Erneuerbare Energien als langfristige Lösung

Stark investiert wird in Asien ebenfalls in den Ausbau klimaschonender erneuerbarer Energien (EE) – nicht zuletzt auch deshalb, um langfristig energiepolitisch autarker vom Rest der Welt zu werden: China will bis zum Jahr 2031 den Anteil von EE an seiner Stromerzeugung von heute 15 Prozent auf 26 Prozent ausbauen (ohne Wasserkraft), Indien von 11 auf 21 Prozent, Japan von 15 auf 23 Prozent und Südkorea von 7,5 auf 19,5 Prozent. Allein die chinesischen Pläne entsprächen einer Ausweitung der EE-Kapazität von rund 700 GW, in Indien wären es 200 GW. Der Großteil der Gelder dürfte zunächst in den Ausbau der Sonnenenergie fließen. Doch auch neuen Windkraftanlagen sollte eine große Bedeutung zukommen. Nach 2031 könnte die Windenergie sogar zur dominierenden EE-Quelle werden, da die technologische Entwicklung in diesem Bereich zu hoher Kosteneffizienz führen könnte, beispielsweise beim Bau von Offshore-Windparks. Diese erscheinen in den zum Teil sehr dicht besiedelten Ländern beziehungsweise Küstenregionen Asiens besonders vorteilhaft.

Insgesamt ist der asiatisch-pazifische Raum damit die Region mit den weltweit größten Investitionszuwächsen und dem höchsten geplanten Investitionsvolumen im Bereich erneuerbare Energien. Allein im Jahr 2021 stiegen die Ausgaben für EE dort um 38 Prozent auf 368 Milliarden US-Dollar, das entspricht rund 50 Prozent der weltweiten EE-Ausgaben.
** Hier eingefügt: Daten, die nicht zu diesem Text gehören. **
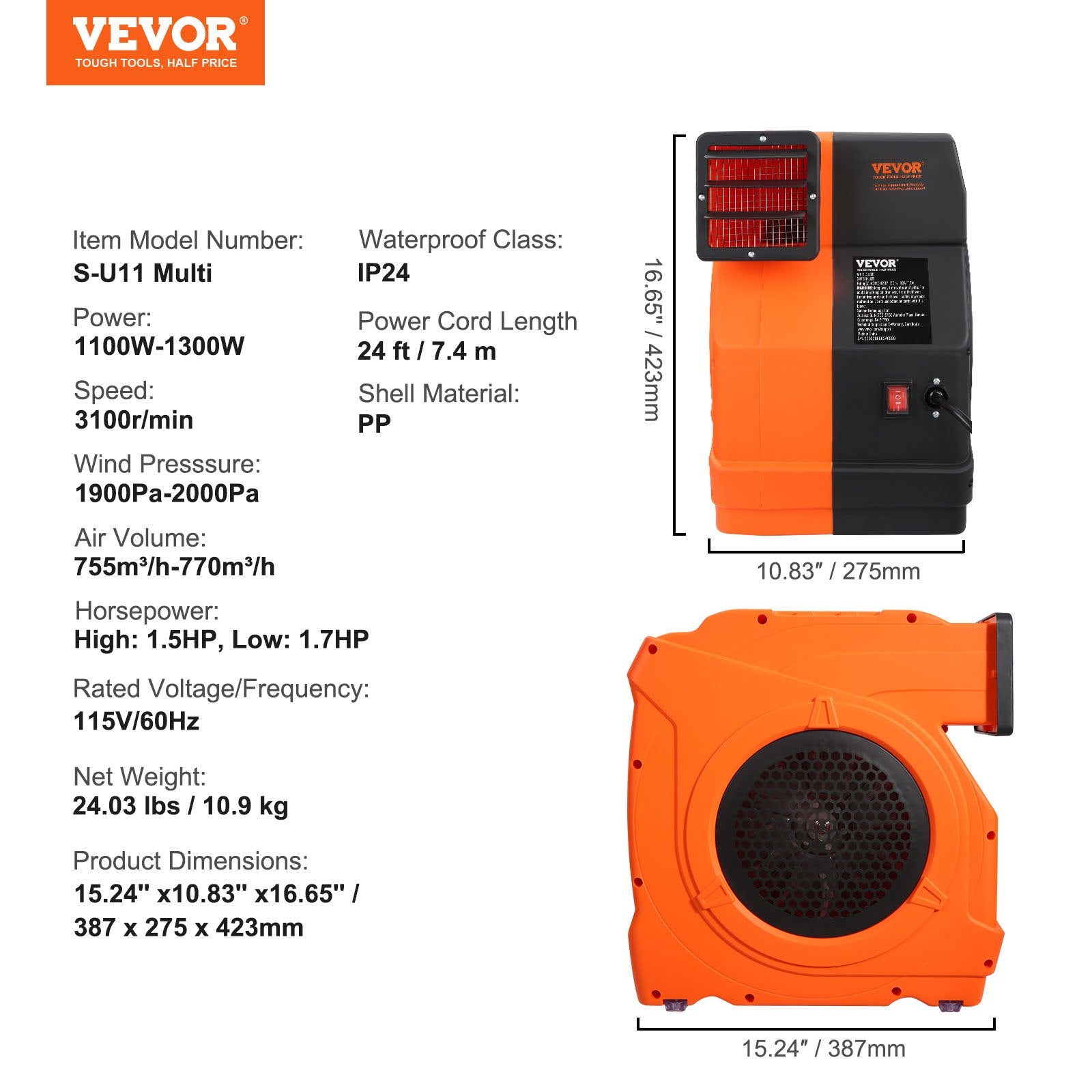 Gardening Tools: VEVOR Inflatable Blower, 1100W, 1.5 & 1.7 HP Bounce House Blower, Pump Commercial Air Blower for Inflatables, 3100 RPM Bouncy Castle Electric Fan for Bounce House, Waterslides, Tested to UL Standards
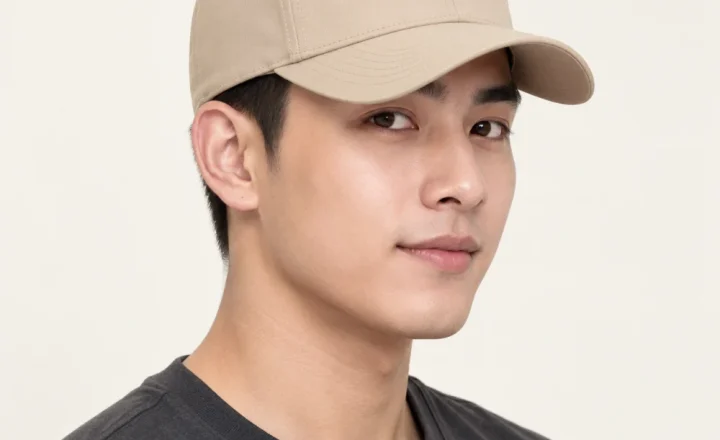 Mũ kết thể thao polyester màu be form đứng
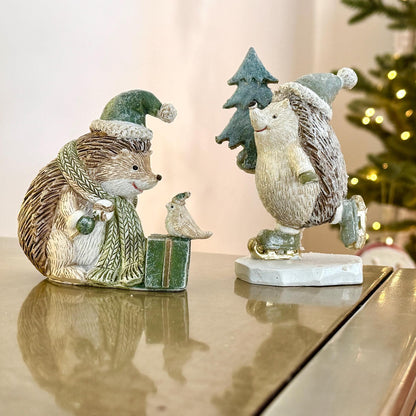 Christmas Hedgehog Ornaments – Woodland Winter Decorations – Skating Hedgehog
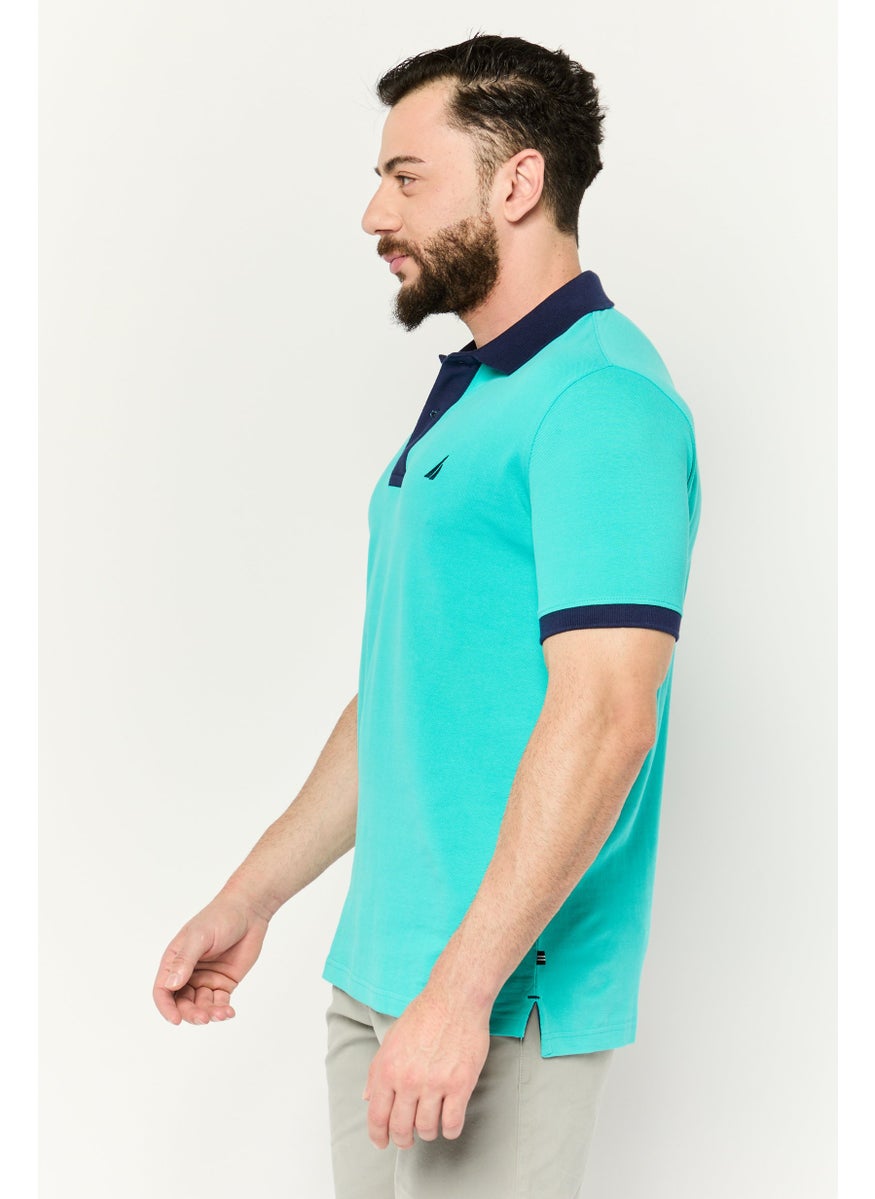 Men Regular Fit Embroidered Logo Short Sleeve Polo Shirts, Aqua Blue/Navy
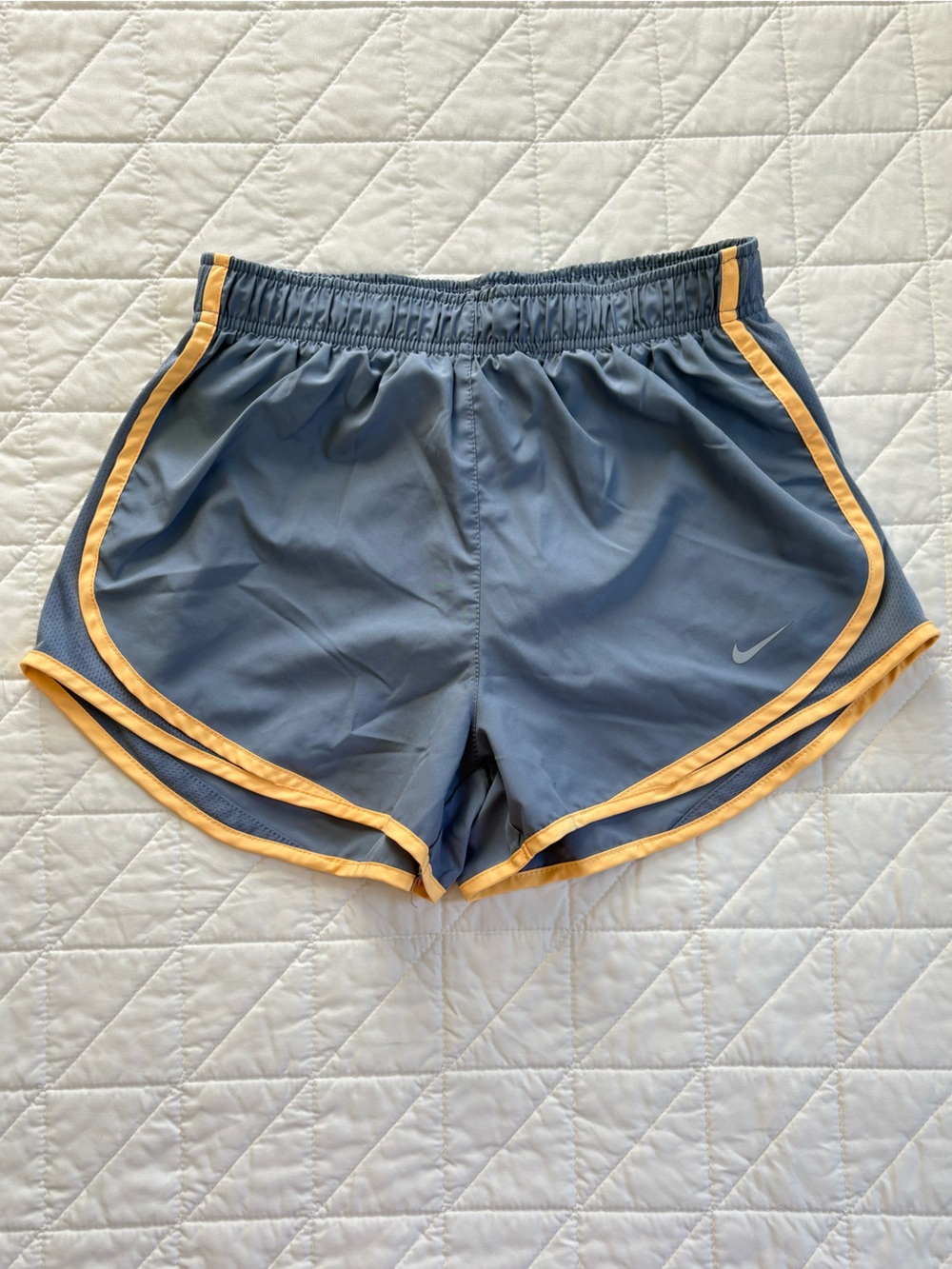 Nike Dri-FIT Tempo Grey Yellow Athletic Running Shorts - Women’s Size Small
„Massive Investitionen in erneuerbare Energien: Asiens dynamische Energiewende bietet interessante Anlagemöglichkeiten.“

Etablierte Unternehmen im Fokus der Anleger

Für Anleger könnten die Entwicklungen im Bereich erneuerbare Energien auf lange Sicht interessante Investmentmöglichkeiten eröffnen. Dabei scheint in diesem hoch dynamischen Markt eine Fokussierung auf etablierte Unternehmen – nicht nur aus Asien – ratsam. Denn nach Expertenschätzungen dürfte rund die Hälfte der Treibhausgaseinsparungen bis 2050 auf Technologien beruhen, die bereits heute kommerziell erfolgreich genutzt werden, etwa Wärmepumpen, Windkraftanlagen, Elektroautos oder Fotovoltaik. Insbesondere in diesen Bereichen zählen auch Unternehmen aus Europa und den USA zu den Weltmarktführern. Grundsätzlich könnte es sich für Anleger empfehlen, aufgrund der zum Teil hohen unternehmerischen Risiken im Bereich erneuerbare Energien eher auf Fondslösungen denn auf Anlagen in einzelnen Aktien zu setzen.